Genève sera poétique en ce début d'automne: du 1er au 3 octobre 2010, la 2e édition de Poésie en ville investit la Bibliothèque de la Cité. Organisée par la Ville de Genève en alternance avec la Fureur de lire, la manifestation biennale invite à découvrir la poésie contemporaine et ses auteurs lors de lectures, rencontres et performances (lire ci-dessous). L'occasion rêvée d'inviter l'éditeur français Cheyne, qui a fêté cet été ses trente ans au service de la poésie par une importante exposition à l'Orangerie du Sénat, à Paris. Une maison qui «fait entendre, à travers des oeuvres maintenant reconnues, une tonalité poétique singulière, où l'expression d'une expérience intérieure rejoint volontiers le questionnement des formes», écrit Jean-François Manier, fondateur des éditions avec Martine Mellinette.

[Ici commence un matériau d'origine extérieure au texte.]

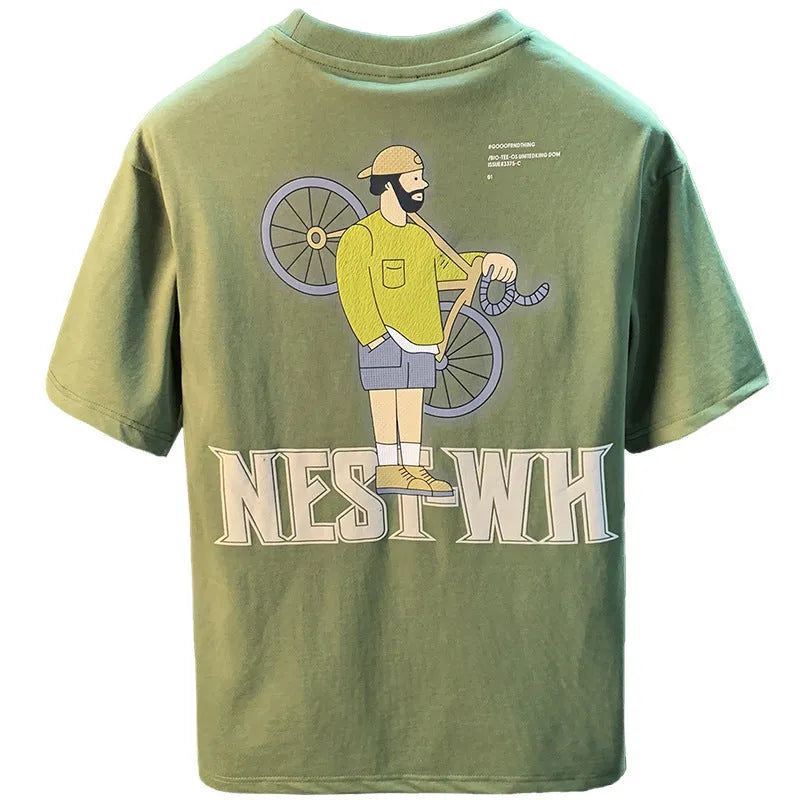 Green loose fit men's t-shirt with a large literary graphic print on the front.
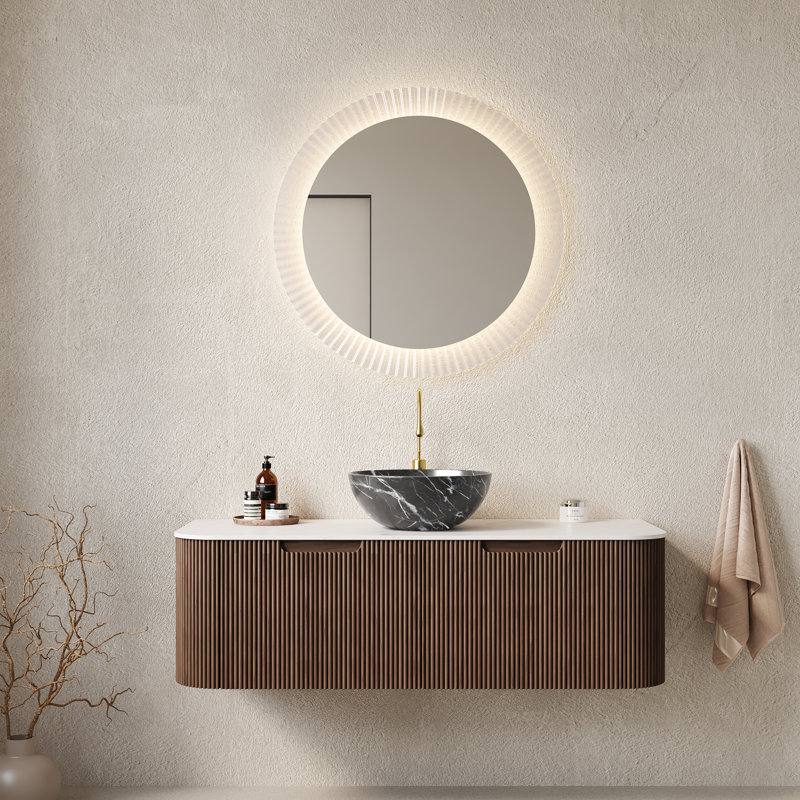 Meuble-lavabo flottant moderne avec lavabo en céramique, rangement élégant en noyer, idéal pour les salles de bain contemporaines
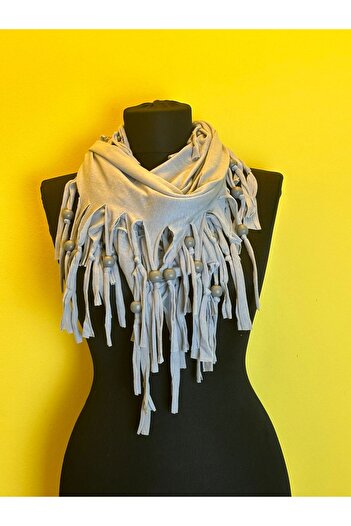 Gönülden Tasarım Wooden Beaded Combed Cotton Scarf Neck Collar Clothing Accessory Gray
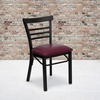 image:imageFlash Furniture HERCULES Series Black ThreeSlat Ladder Back Metal Restaurant Chair  Black Vinyl SeatBurgundy Vinyl SeatBlack Metal Frame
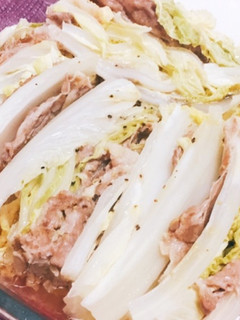 簡単白菜ミルフィーユ、レンジでチン-レシピのメイン写真
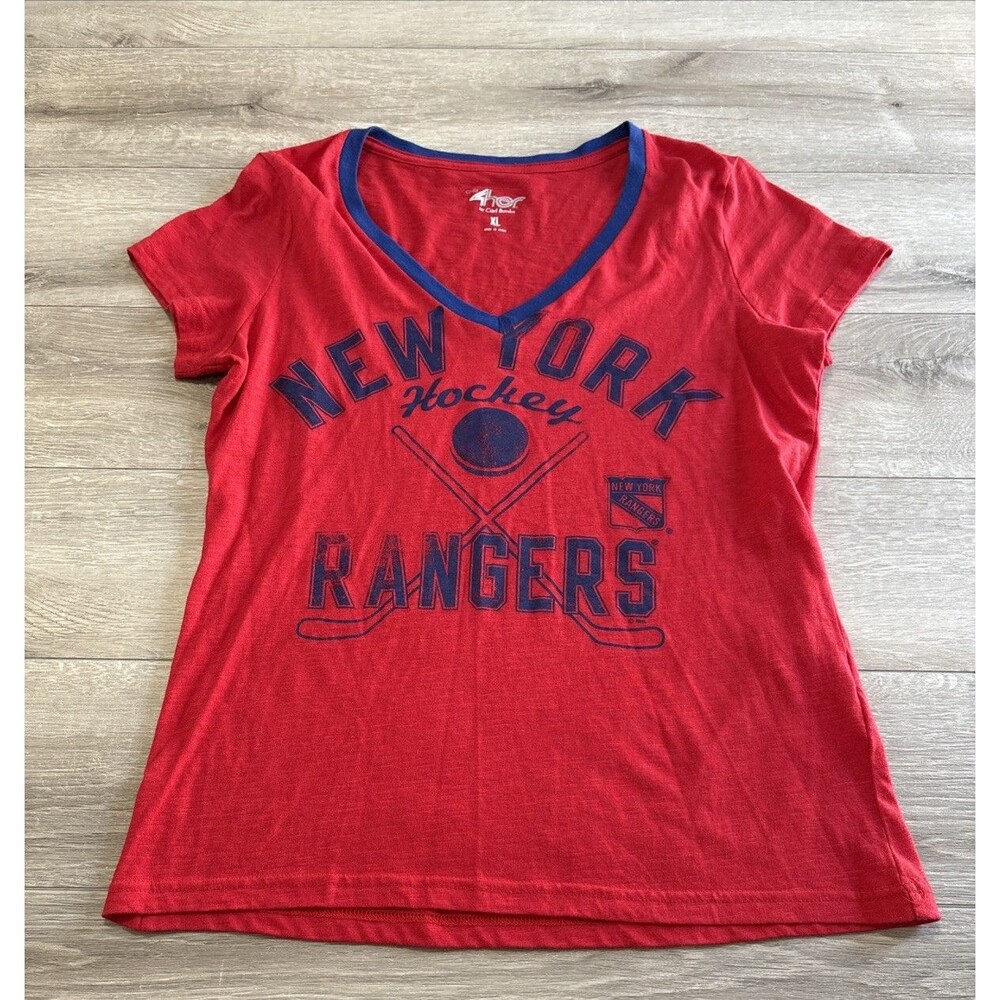 G-III 4Her by Carl Banks New York Rangers NHL Red Blue V Neck SS Tee Women XL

Cheyne, c'est aujourd'hui six collections, un catalogue de 300 titres qui représentent une centaine d'auteurs publiés, et plus de 300 000 volumes de poésie vendus depuis 1980. C'est surtout un état d'esprit: une petite équipe – les deux éditeurs, cinq salariés et trois directeurs de collection, les poètes Jean-Pierre Siméon, Jean-Marie Barnaud et Jean-Baptiste Para – dont le but est de faire connaître de nouvelles voix, de suivre les auteurs de la maison et de publier des livres avec soin et en toute indépendance. L'éditeur doit son nom au lieu-dit Cheyne, au Chambon-sur-Lignon, en Haute-Loire. Là, une ancienne école abrite une maison-atelier adossée à un bois de pins. C'est que Jean-François Manier et son équipe assurent toutes les étapes du métier, de la lecture des manuscrits à la distribution et à la diffusion en passant par l'impression des ouvrages, au plomb, sur des presses typographiques.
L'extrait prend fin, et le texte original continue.